WORK INSTRUCTION: As you work through the listing below, copy each line exactly and drop the images.

DATA SEGMENT:
- Opening Delimiter -
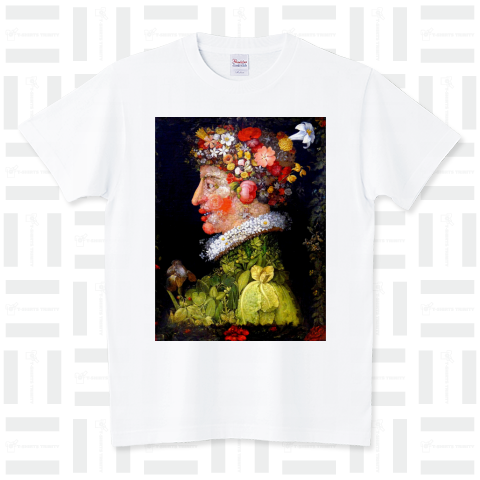 ジュゼッペ・アルチンボルド「四季 ― 春」【西洋 絵画 アート 美術 Tシャツ】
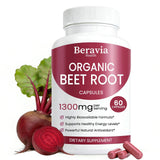 Beravia Health Organic Beet Root Capsules front view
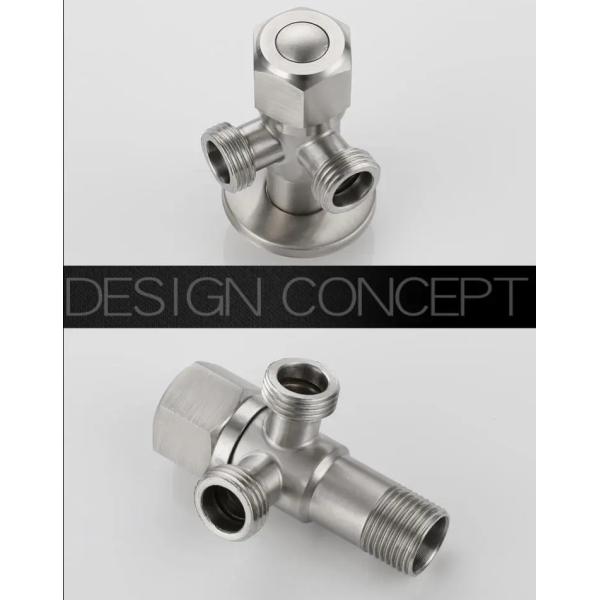 Cartucho de munição de ferro/brass montado na parede válvula de travagem de dois ângulos para banheiro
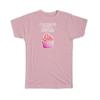 Gift T-Shirt : Id Rather Be Eating a Cupcake Baking Lover Baker Sweet Funny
- Closing Delimiter -
RESPONSE FOR THIS EXERCISE:
 ジュゼッペ・アルチンボルド「四季 ― 春」【西洋 絵画 アート 美術 Tシャツ】
 Beravia Health Organic Beet Root Capsules front view
 Cartucho de munição de ferro/brass montado na parede válvula de travagem de dois ângulos para banheiro
 Gift T-Shirt : Id Rather Be Eating a Cupcake Baking Lover Baker Sweet Funny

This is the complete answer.